/---

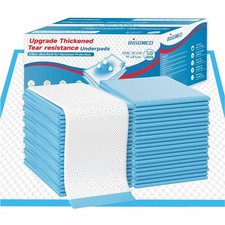 Tear-Resistant Disposable Bed Pads 36" x 36" 50 Count Super Absorbent Underpa...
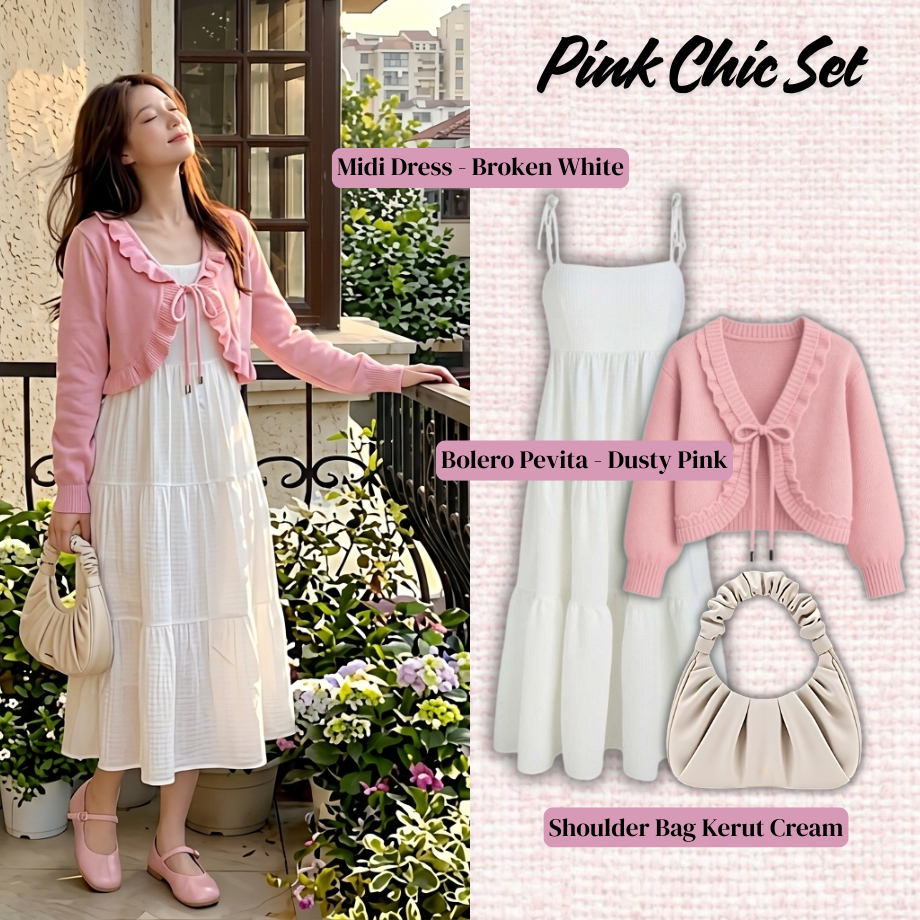 Setelan One Set Wanita Korean Style [SV042] Bolero Rajut Midi Dress Putih Shoulder Bag Kerut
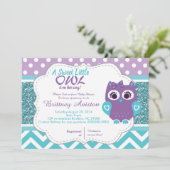 Meisje Uil Paarse Blauwgroen Uitnodiging Kaart (Staand voorkant)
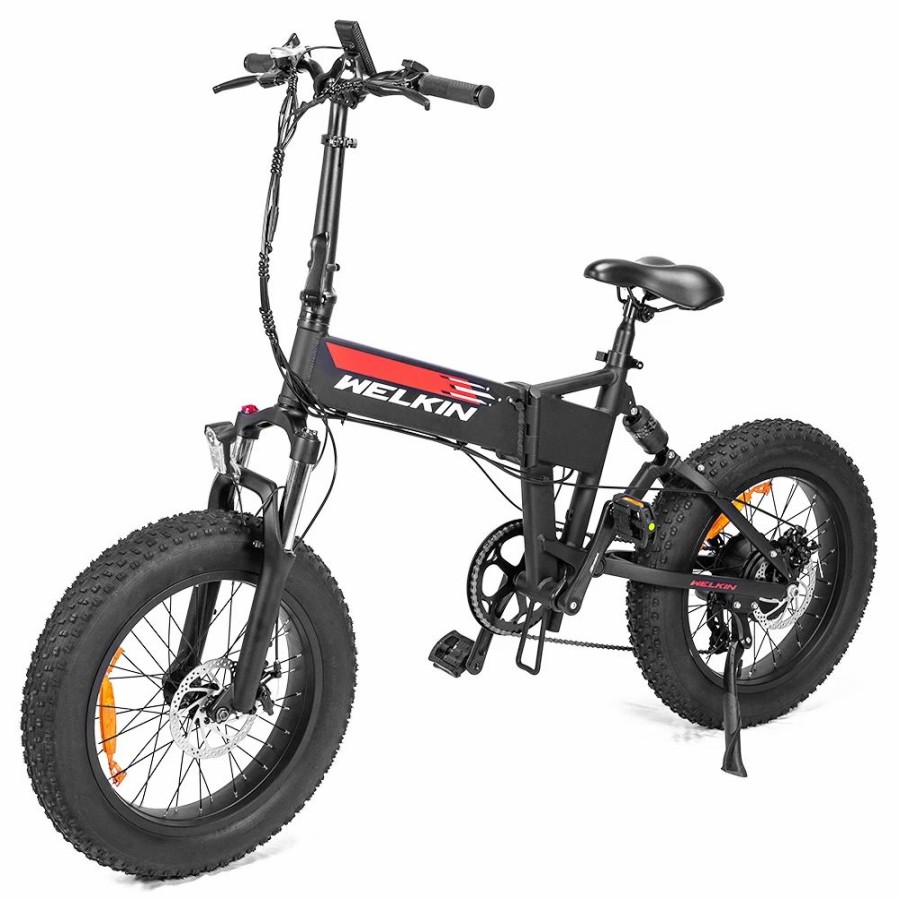 E-Bikes, Scooters & Wheels * | Welkin Wkes001 Electric Bicycle Snow Bike 500W Brushless Motor 48V 10.4Ah Battery 20" Tires Shimano 7 Speed Black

\---

● REQUIRED ACTION: Would you give the material back exactly, minus the pictures?

● WRITTEN RESPONSE:
 Tear-Resistant Disposable Bed Pads 36" x 36" 50 Count Super Absorbent Underpa...
 Setelan One Set Wanita Korean Style [SV042] Bolero Rajut Midi Dress Putih Shoulder Bag Kerut
 Meisje Uil Paarse Blauwgroen Uitnodiging Kaart (Staand voorkant)
 E-Bikes, Scooters & Wheels * | Welkin Wkes001 Electric Bicycle Snow Bike 500W Brushless Motor 48V 10.4Ah Battery 20" Tires Shimano 7 Speed Black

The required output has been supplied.